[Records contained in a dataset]
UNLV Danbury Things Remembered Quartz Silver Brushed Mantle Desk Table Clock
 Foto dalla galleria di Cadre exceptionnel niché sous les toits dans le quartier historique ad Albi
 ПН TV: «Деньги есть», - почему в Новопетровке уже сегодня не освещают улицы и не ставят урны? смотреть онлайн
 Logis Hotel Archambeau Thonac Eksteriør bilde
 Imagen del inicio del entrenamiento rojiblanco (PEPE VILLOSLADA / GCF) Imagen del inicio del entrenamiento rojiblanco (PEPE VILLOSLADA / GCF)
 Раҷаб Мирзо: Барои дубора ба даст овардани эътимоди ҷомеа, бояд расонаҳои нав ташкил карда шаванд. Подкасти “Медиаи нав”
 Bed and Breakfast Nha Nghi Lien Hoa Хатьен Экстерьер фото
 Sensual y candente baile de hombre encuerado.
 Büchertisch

> Prompt:
Would you give the entries back word for word?

> Solution to the exercise:
UNLV Danbury Things Remembered Quartz Silver Brushed Mantle Desk Table Clock
 Foto dalla galleria di Cadre exceptionnel niché sous les toits dans le quartier historique ad Albi
 ПН TV: «Деньги есть», - почему в Новопетровке уже сегодня не освещают улицы и не ставят урны? смотреть онлайн
 Logis Hotel Archambeau Thonac Eksteriør bilde
 Imagen del inicio del entrenamiento rojiblanco (PEPE VILLOSLADA / GCF) Imagen del inicio del entrenamiento rojiblanco (PEPE VILLOSLADA / GCF)
 Раҷаб Мирзо: Барои дубора ба даст овардани эътимоди ҷомеа, бояд расонаҳои нав ташкил карда шаванд. Подкасти “Медиаи нав”
 Bed and Breakfast Nha Nghi Lien Hoa Хатьен Экстерьер фото
 Sensual y candente baile de hombre encuerado.
 Büchertisch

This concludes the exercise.